**WHAT IS NEEDED**: Should pictures appear among the records, leave them out, and copy exactly only the lines from the first through the one with "Una cabaña de", inclusive.

**DATA**:
⟨

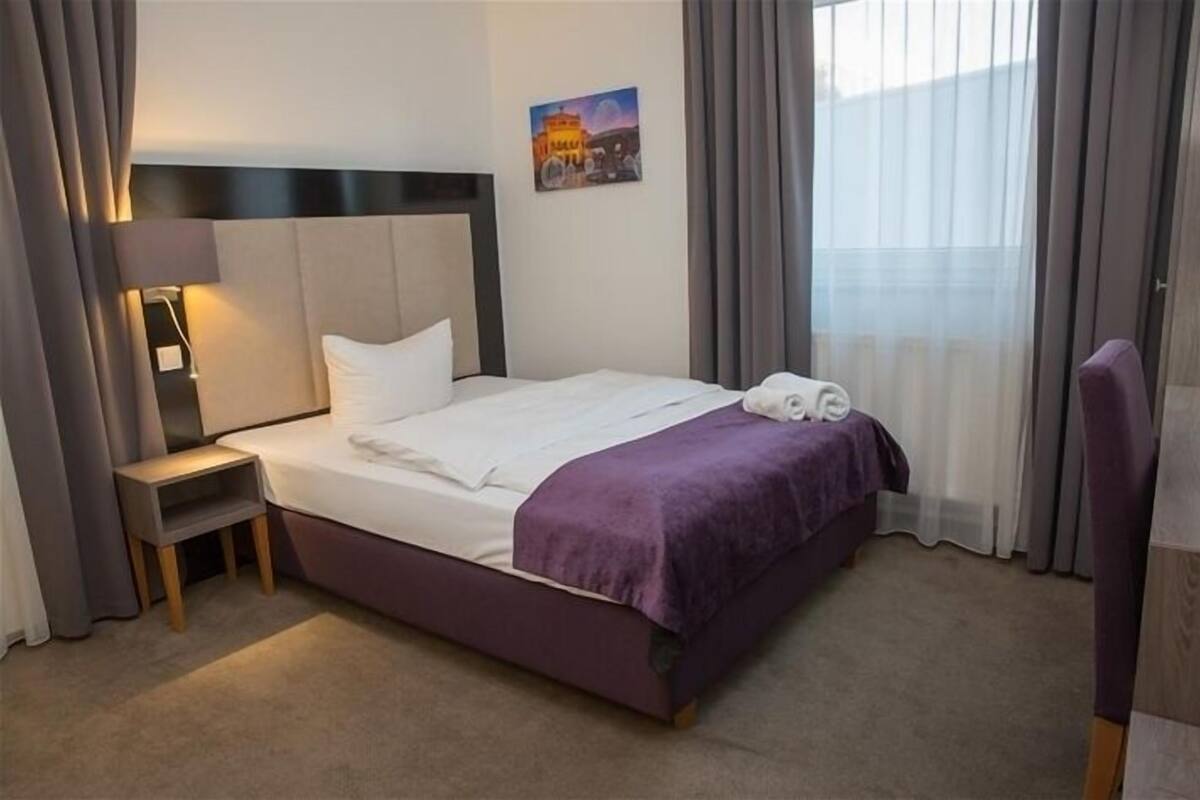 A hotel room with a bed, a nightstand, a chair, a painting on the wall, and a window with curtains.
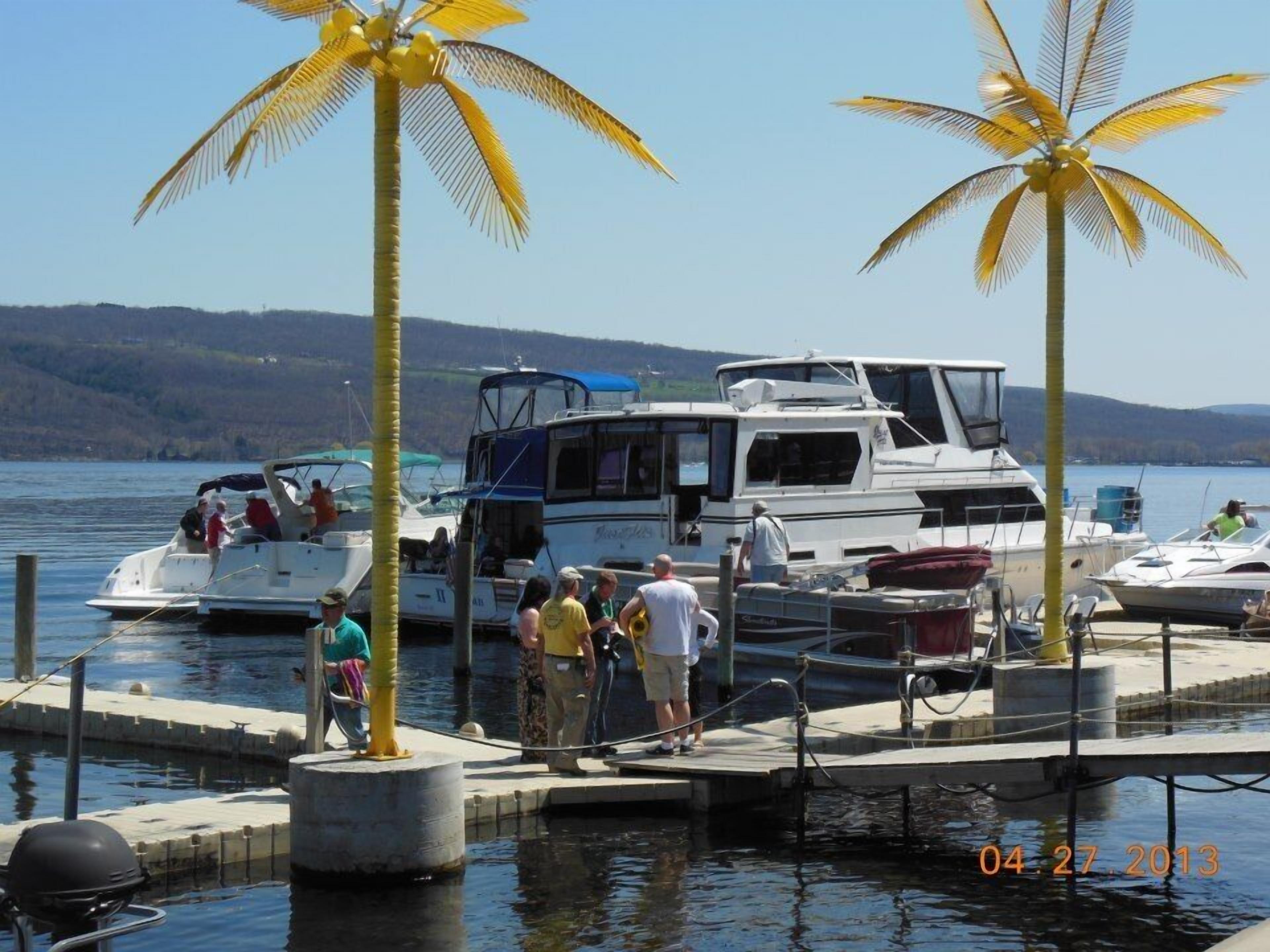 A marina with boats docked, a dock with people, and palm trees.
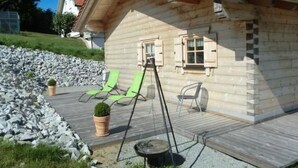 Una cabaña de madera con techo inclinado, una terraza con dos sillones reclinables verdes, una mesita y una planta en maceta.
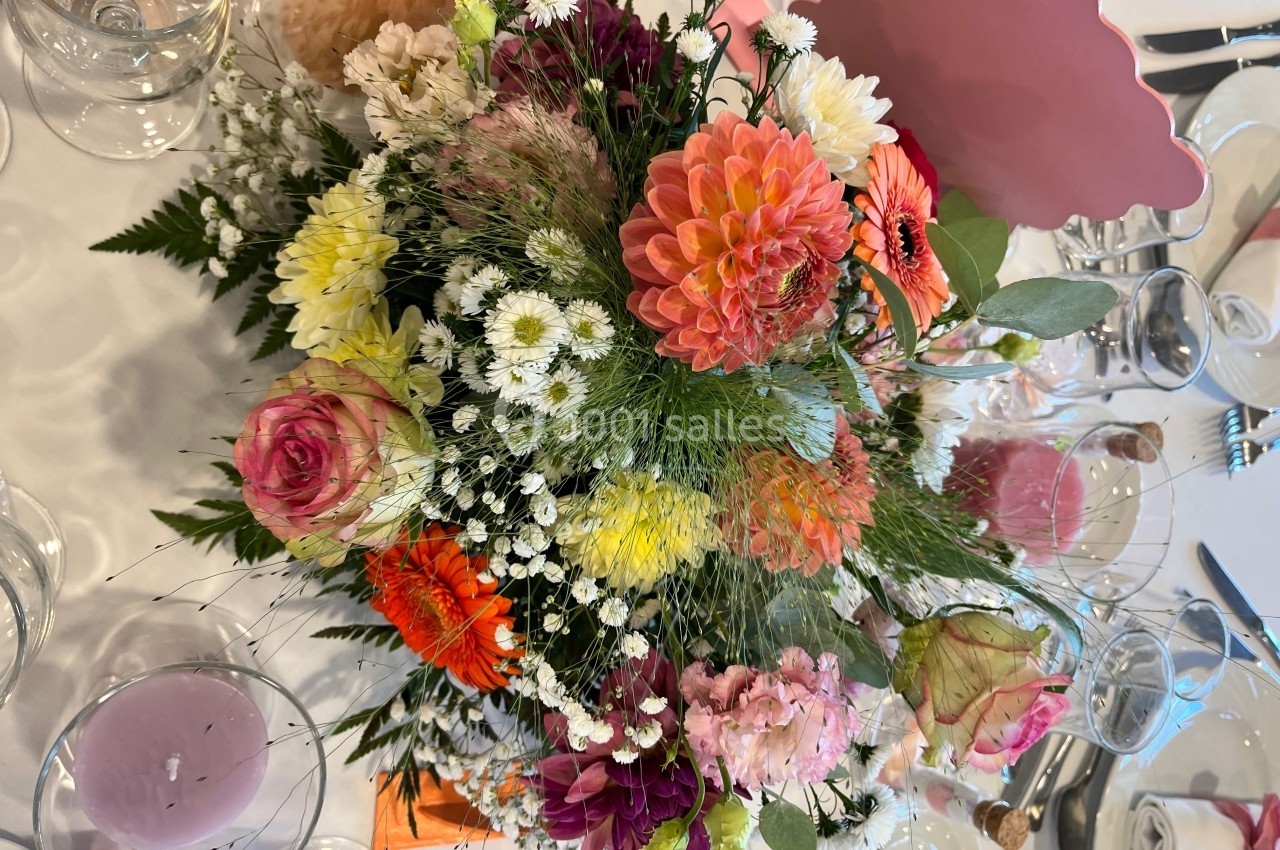 Bouquet coloré de fleurs variées, posé sur une table dressée avec verres et décorations.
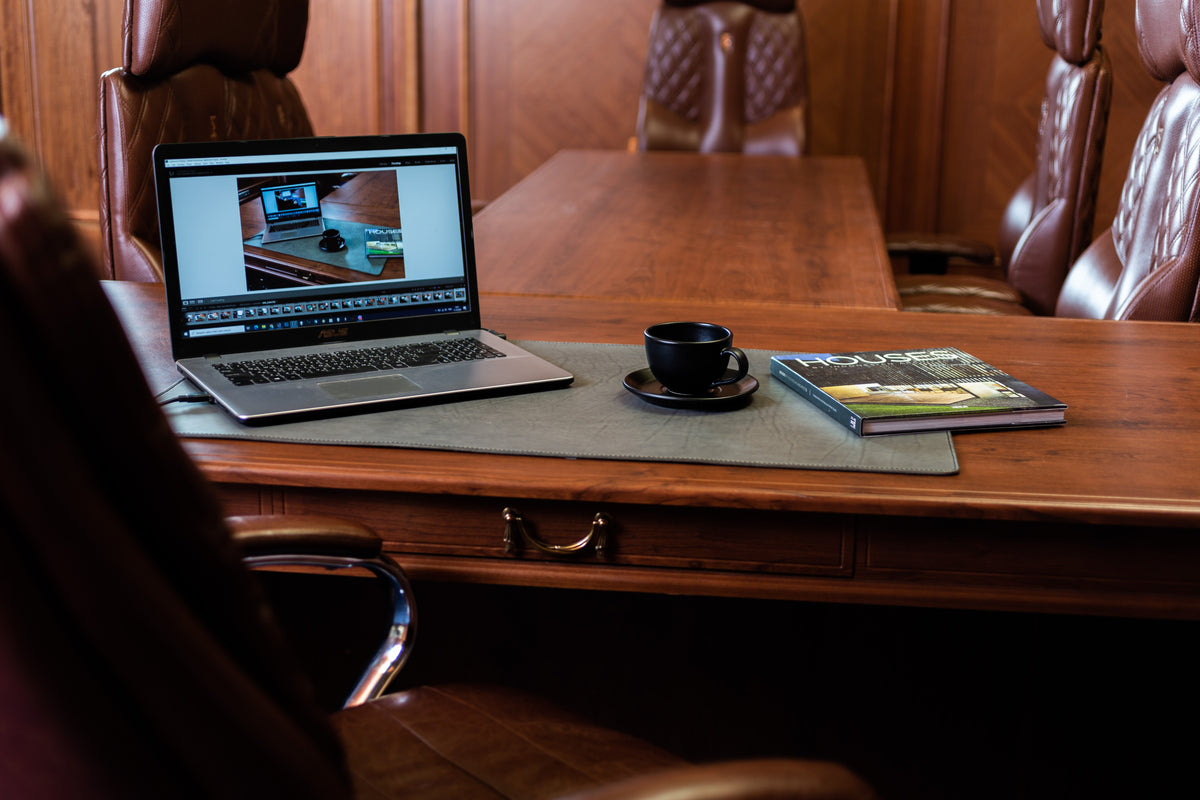 Gray leather desk mat for executive office and conference table with laptop and meeting room chairs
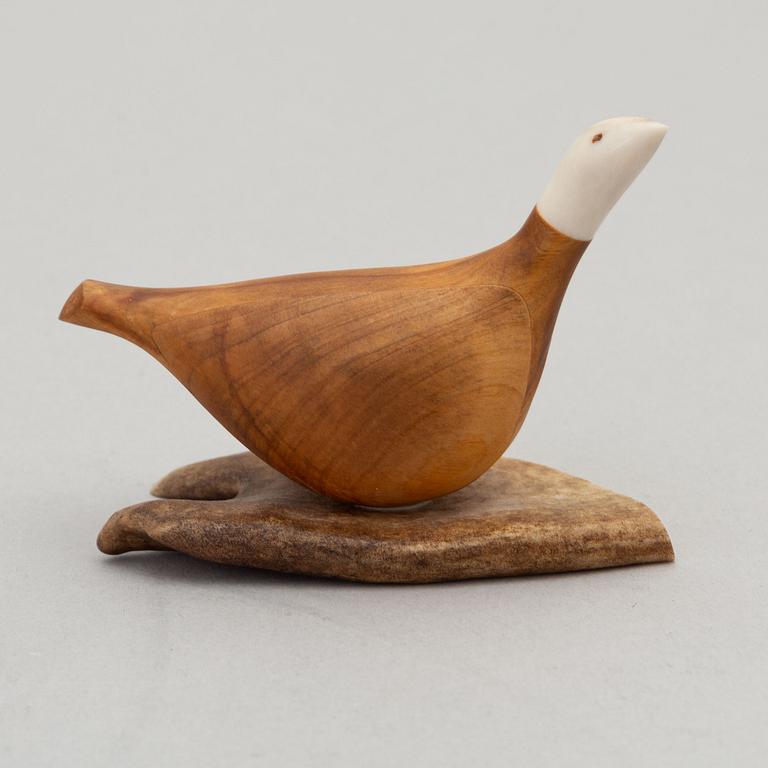 Lars Levi Sunna, a reindeer horn and birch figurine of a grouse, signed.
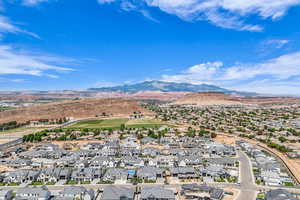Aerial perspective of suburban area featuring mountains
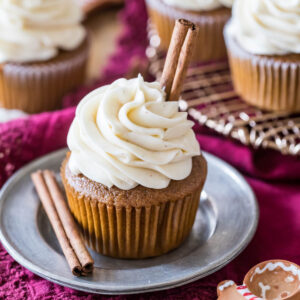 Gingerbread cupcake topped with a brown sugar cream cheese frosting and cinnamon sticks.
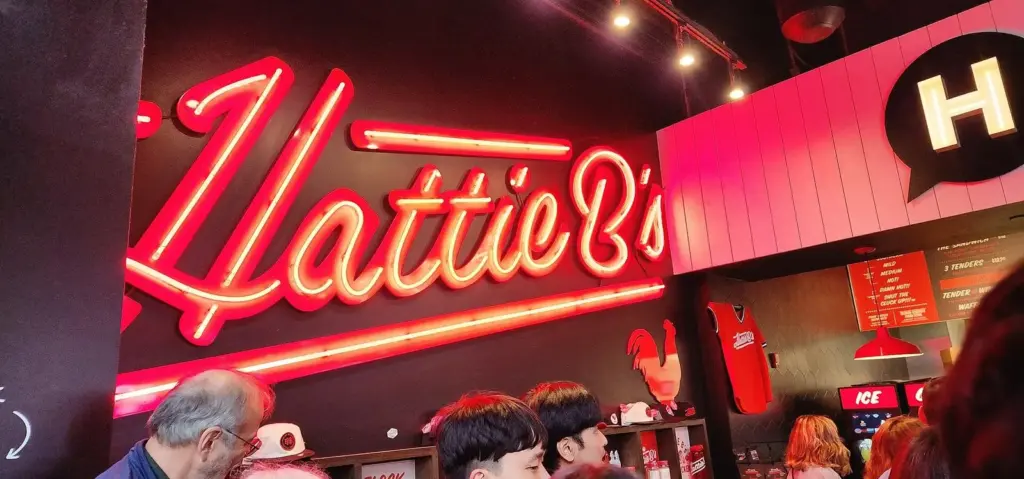 The red neon Hattie B's sign glowing above diners at one of the best restaurants in Nashville for hot chicken, on Lower Broadway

⟩

**YOUR SOLUTION**:
 A hotel room with a bed, a nightstand, a chair, a painting on the wall, and a window with curtains.
 A marina with boats docked, a dock with people, and palm trees.
 Una cabaña de madera con techo inclinado, una terraza con dos sillones reclinables verdes, una mesita y una planta en maceta.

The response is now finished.